Work to be completed:
Find the line that contains "Pride Embroidered Baseball Cap" in the entries below. Restate it and every line after it, word for word, with no pictures.

Dataset entries:
------------------------------------------------

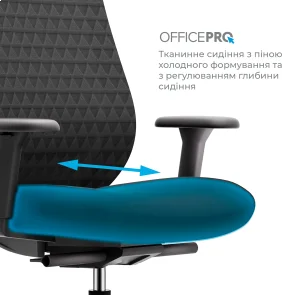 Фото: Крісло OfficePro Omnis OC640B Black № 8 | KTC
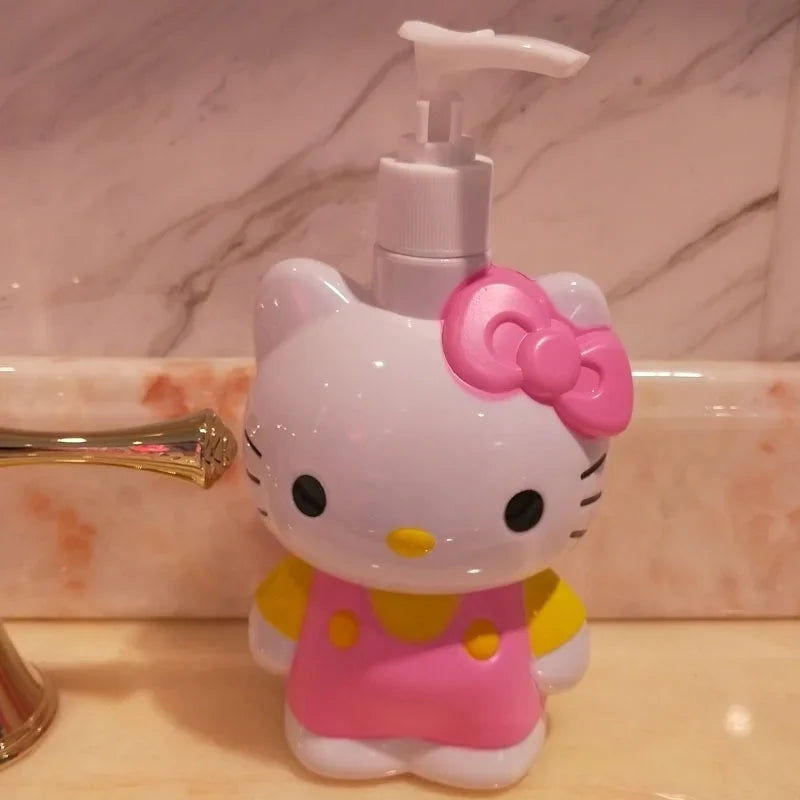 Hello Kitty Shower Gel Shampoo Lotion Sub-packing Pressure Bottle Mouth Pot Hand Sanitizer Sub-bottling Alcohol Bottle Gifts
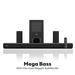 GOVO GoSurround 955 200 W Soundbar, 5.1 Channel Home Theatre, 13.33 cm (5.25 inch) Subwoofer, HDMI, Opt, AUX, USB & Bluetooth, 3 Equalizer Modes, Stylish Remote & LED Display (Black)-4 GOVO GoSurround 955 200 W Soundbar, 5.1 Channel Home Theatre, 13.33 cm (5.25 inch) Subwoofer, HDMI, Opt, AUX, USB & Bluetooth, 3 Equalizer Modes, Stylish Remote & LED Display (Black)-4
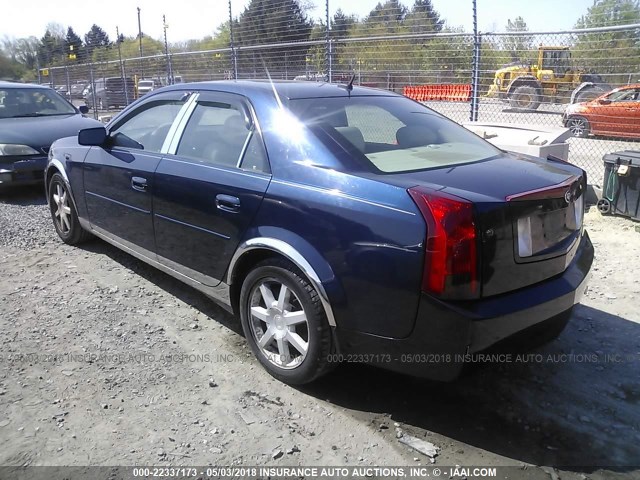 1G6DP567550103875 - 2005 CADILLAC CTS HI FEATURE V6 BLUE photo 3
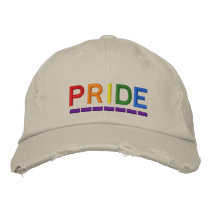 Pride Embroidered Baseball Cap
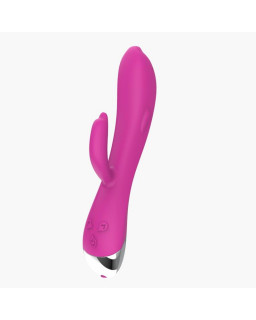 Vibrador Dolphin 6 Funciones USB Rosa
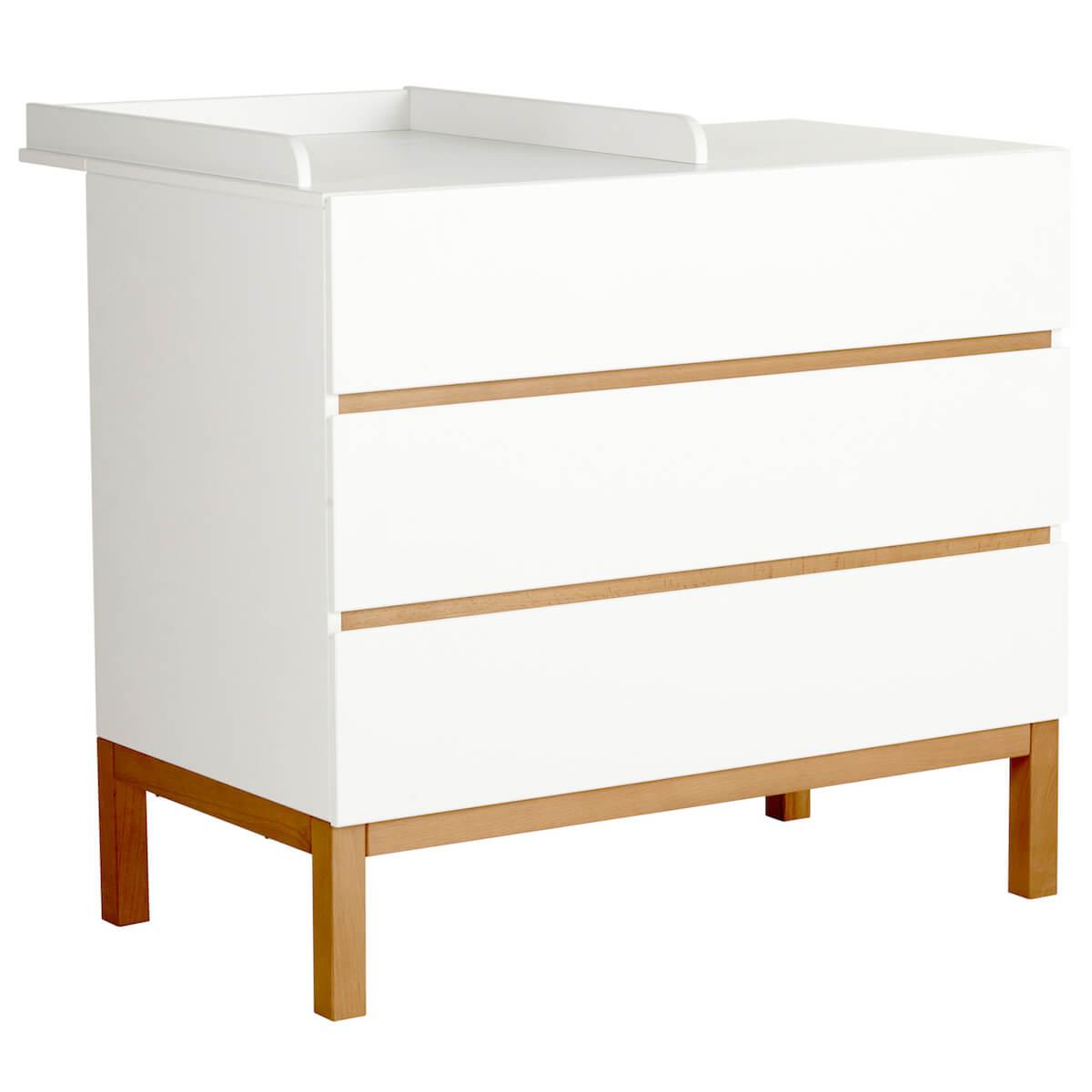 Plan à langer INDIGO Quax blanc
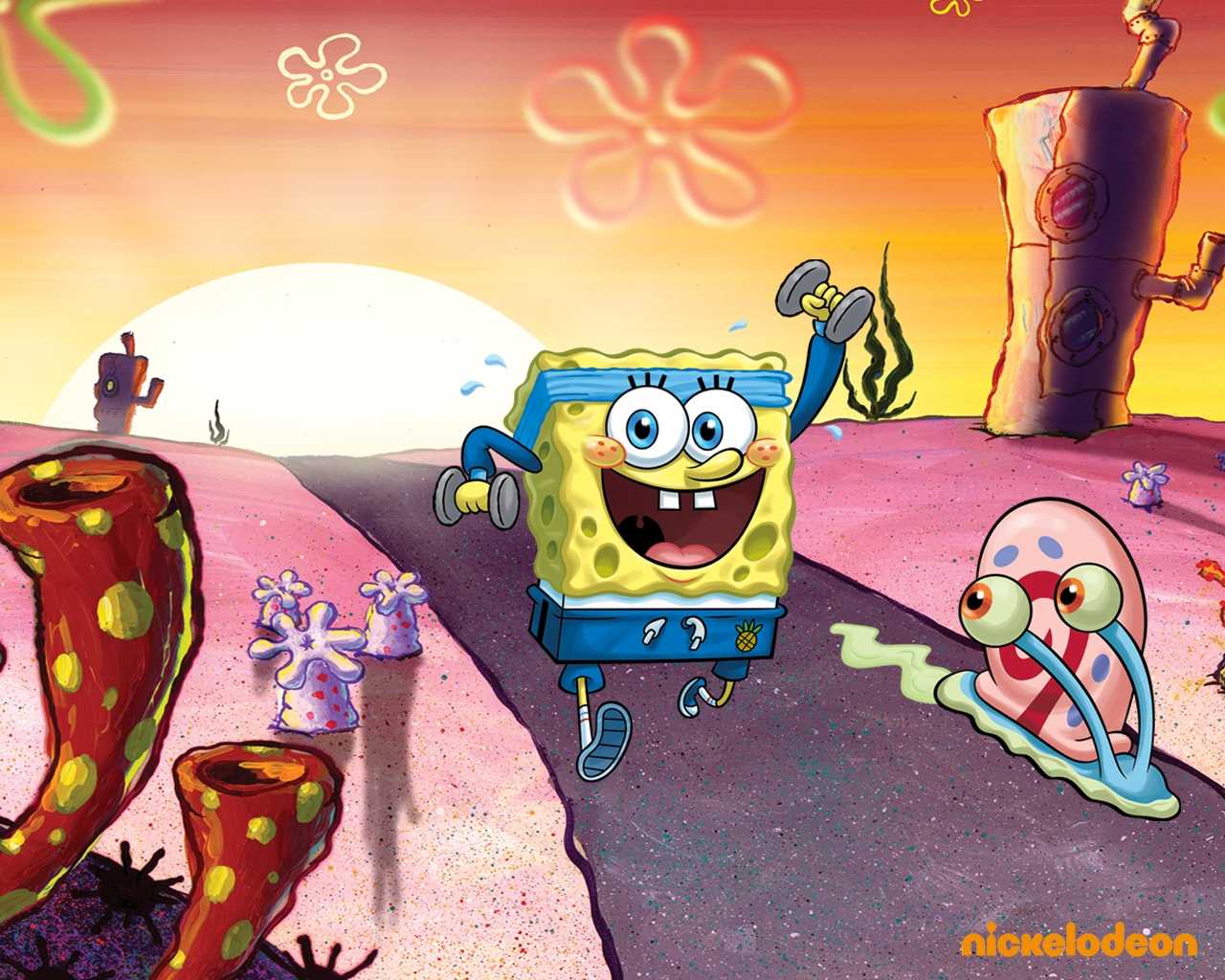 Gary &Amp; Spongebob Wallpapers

------------------------------------------------

Task solution:
 Pride Embroidered Baseball Cap
 Vibrador Dolphin 6 Funciones USB Rosa
 Plan à langer INDIGO Quax blanc
 Gary &Amp; Spongebob Wallpapers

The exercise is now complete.